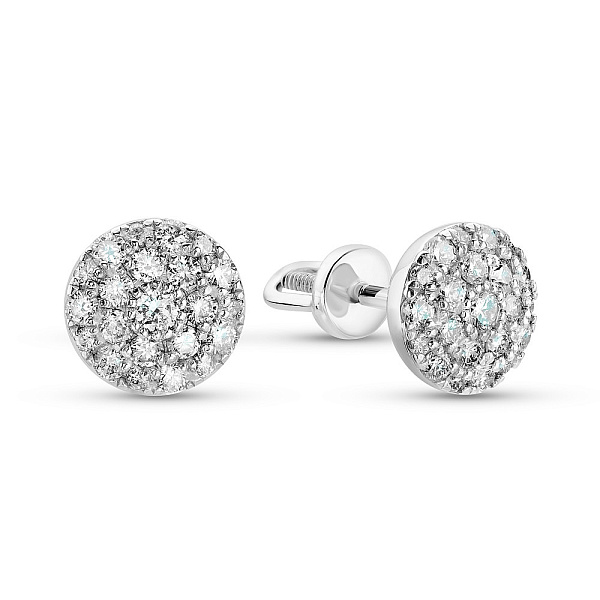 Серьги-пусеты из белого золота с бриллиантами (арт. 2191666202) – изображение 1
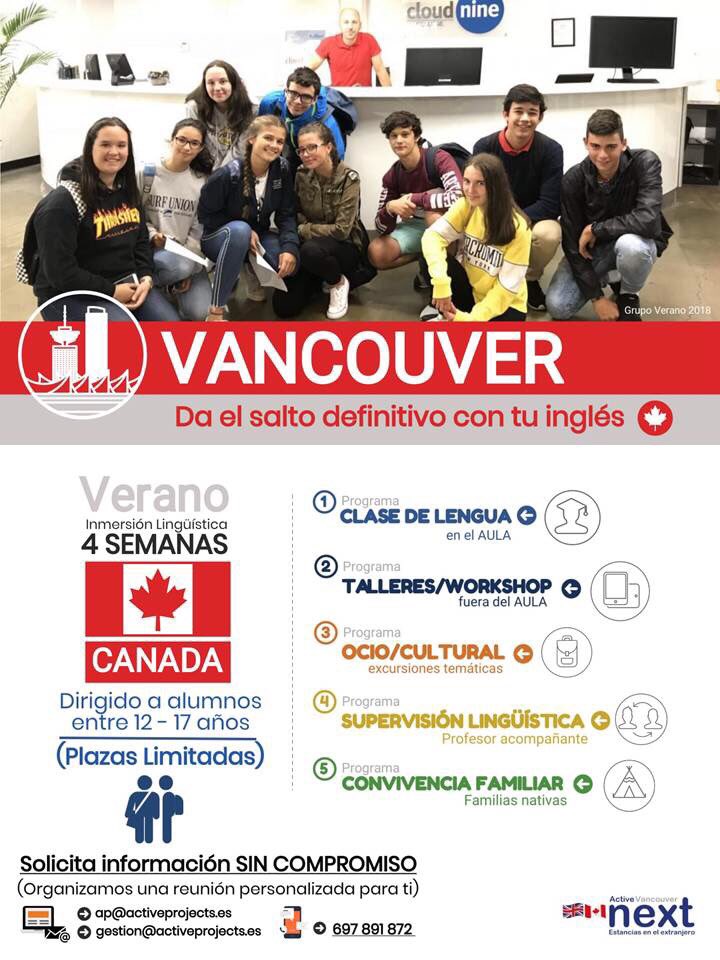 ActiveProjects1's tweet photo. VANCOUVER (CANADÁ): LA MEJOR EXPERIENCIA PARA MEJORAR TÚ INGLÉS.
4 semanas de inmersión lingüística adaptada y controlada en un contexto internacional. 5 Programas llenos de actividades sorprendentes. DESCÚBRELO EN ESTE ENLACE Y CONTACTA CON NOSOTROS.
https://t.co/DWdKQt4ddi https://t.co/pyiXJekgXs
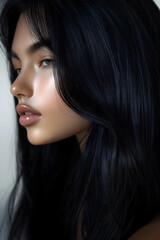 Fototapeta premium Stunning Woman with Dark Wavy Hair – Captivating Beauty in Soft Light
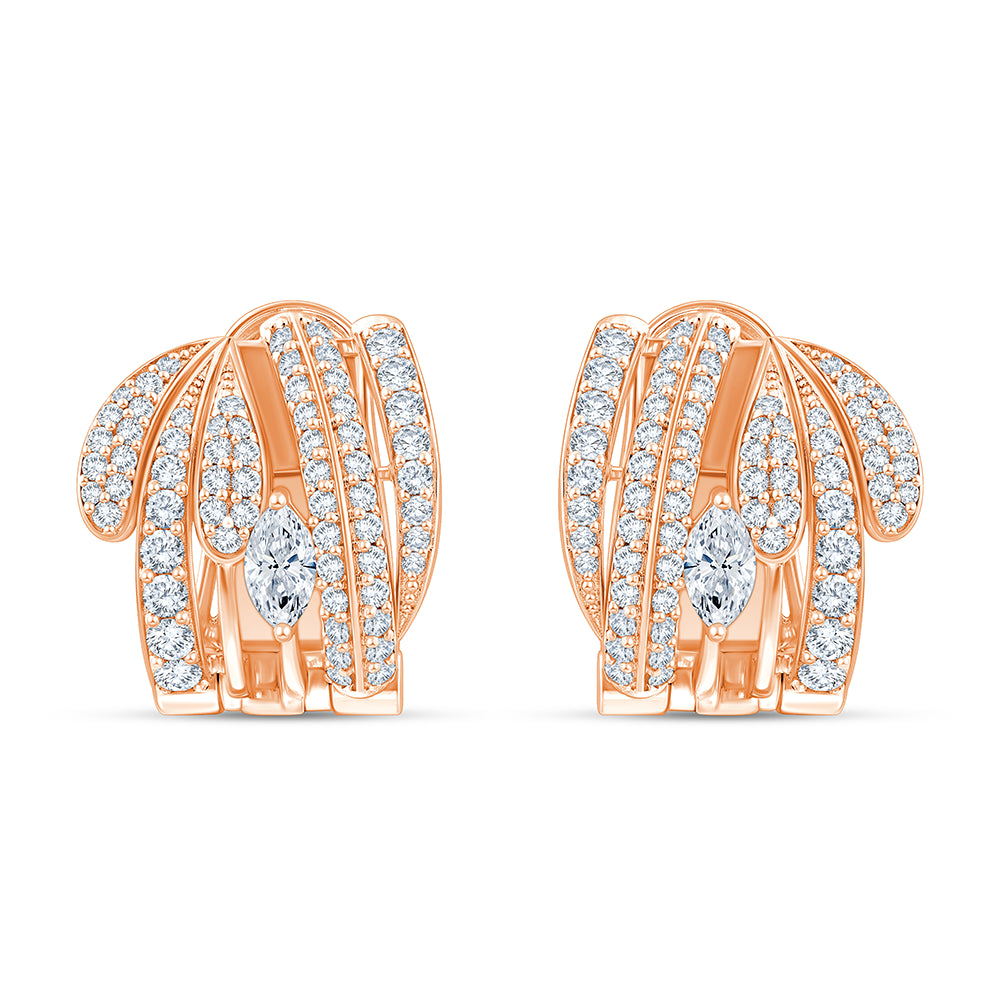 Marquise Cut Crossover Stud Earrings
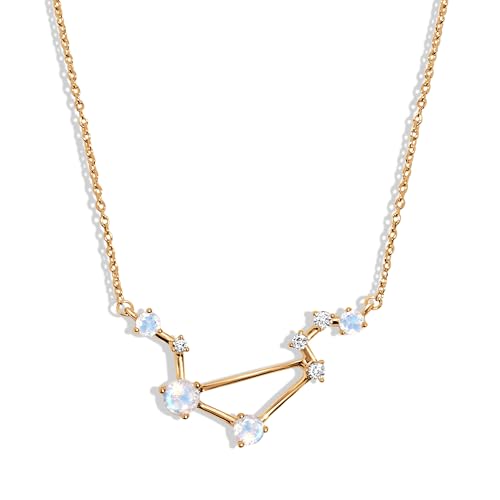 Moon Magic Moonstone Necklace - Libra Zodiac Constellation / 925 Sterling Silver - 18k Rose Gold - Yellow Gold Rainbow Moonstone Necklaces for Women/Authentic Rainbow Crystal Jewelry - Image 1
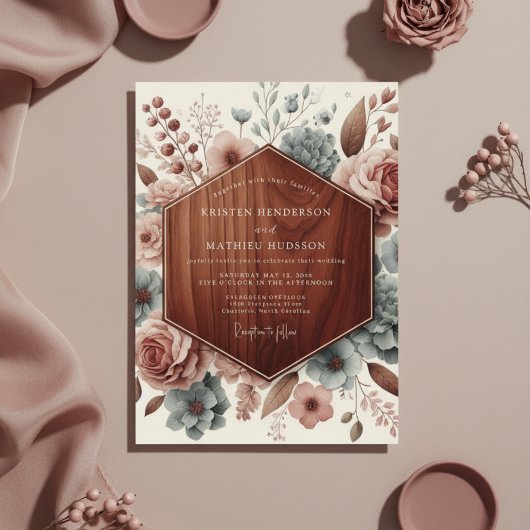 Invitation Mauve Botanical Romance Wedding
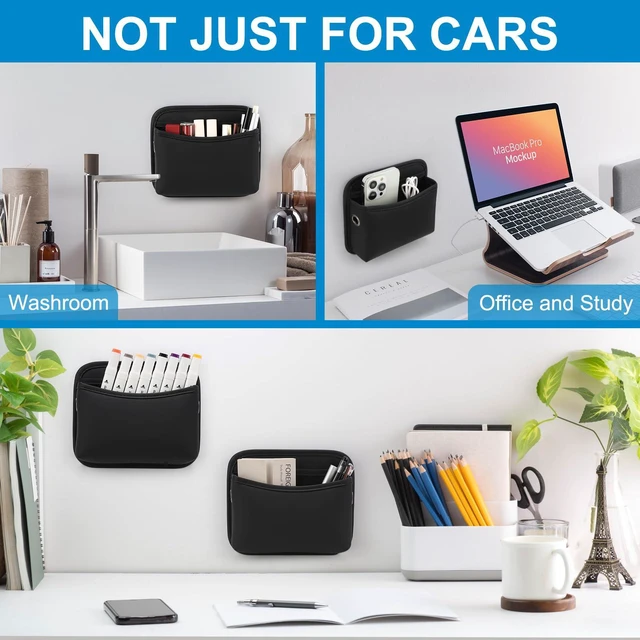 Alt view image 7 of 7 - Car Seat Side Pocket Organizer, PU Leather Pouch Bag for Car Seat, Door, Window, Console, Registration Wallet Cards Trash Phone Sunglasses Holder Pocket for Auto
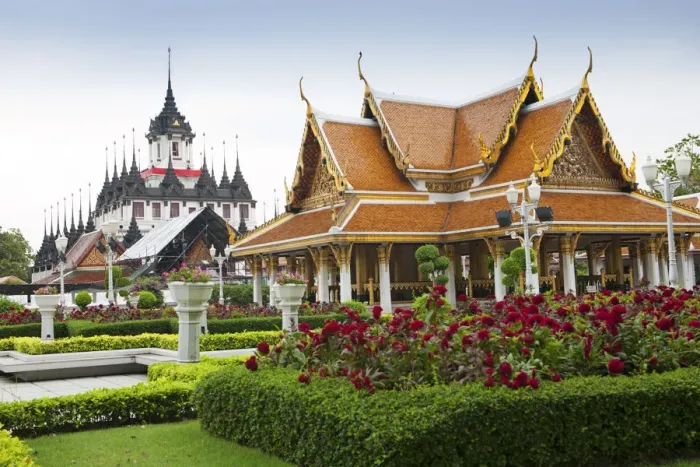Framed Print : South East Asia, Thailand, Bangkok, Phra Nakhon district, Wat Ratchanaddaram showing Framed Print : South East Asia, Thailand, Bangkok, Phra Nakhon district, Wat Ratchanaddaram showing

...

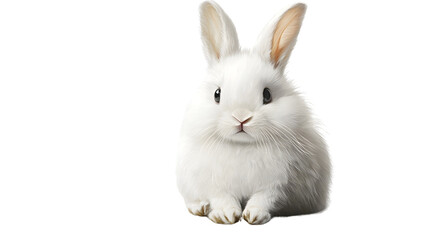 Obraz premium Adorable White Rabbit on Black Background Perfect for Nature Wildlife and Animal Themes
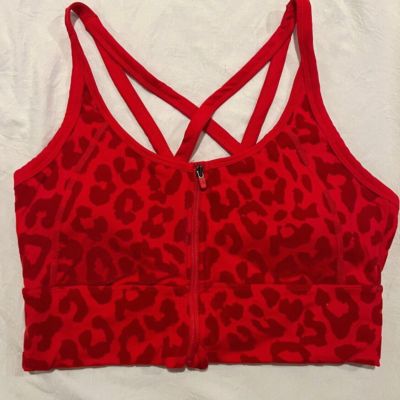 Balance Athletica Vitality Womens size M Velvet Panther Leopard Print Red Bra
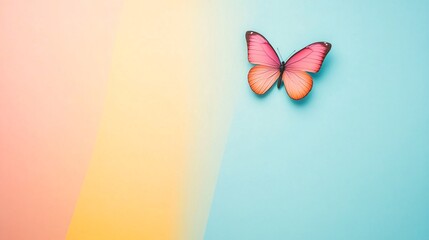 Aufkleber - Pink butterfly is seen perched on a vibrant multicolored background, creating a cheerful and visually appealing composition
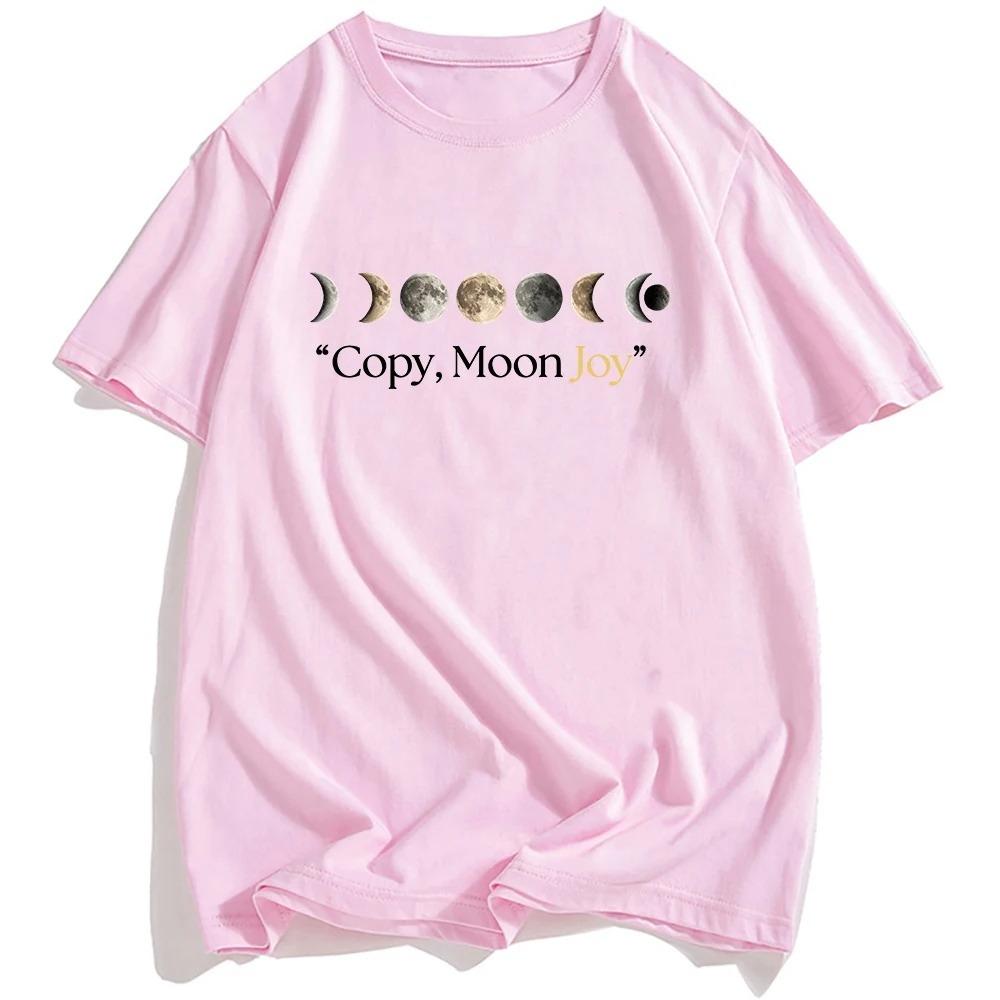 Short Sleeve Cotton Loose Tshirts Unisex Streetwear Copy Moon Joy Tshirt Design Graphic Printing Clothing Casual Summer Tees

* * *

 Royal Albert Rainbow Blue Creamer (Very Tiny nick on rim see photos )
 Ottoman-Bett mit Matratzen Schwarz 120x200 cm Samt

[WHAT TO PRODUCE] Everything above from the line with "Obraz premium Adorable" through the line with "Short Sleeve Cotton" should be retyped exactly, and nothing else; omit pictures.

[RESULT FOR THIS TASK]
 Obraz premium Adorable White Rabbit on Black Background Perfect for Nature Wildlife and Animal Themes
 Balance Athletica Vitality Womens size M Velvet Panther Leopard Print Red Bra
 Aufkleber - Pink butterfly is seen perched on a vibrant multicolored background, creating a cheerful and visually appealing composition
 Short Sleeve Cotton Loose Tshirts Unisex Streetwear Copy Moon Joy Tshirt Design Graphic Printing Clothing Casual Summer Tees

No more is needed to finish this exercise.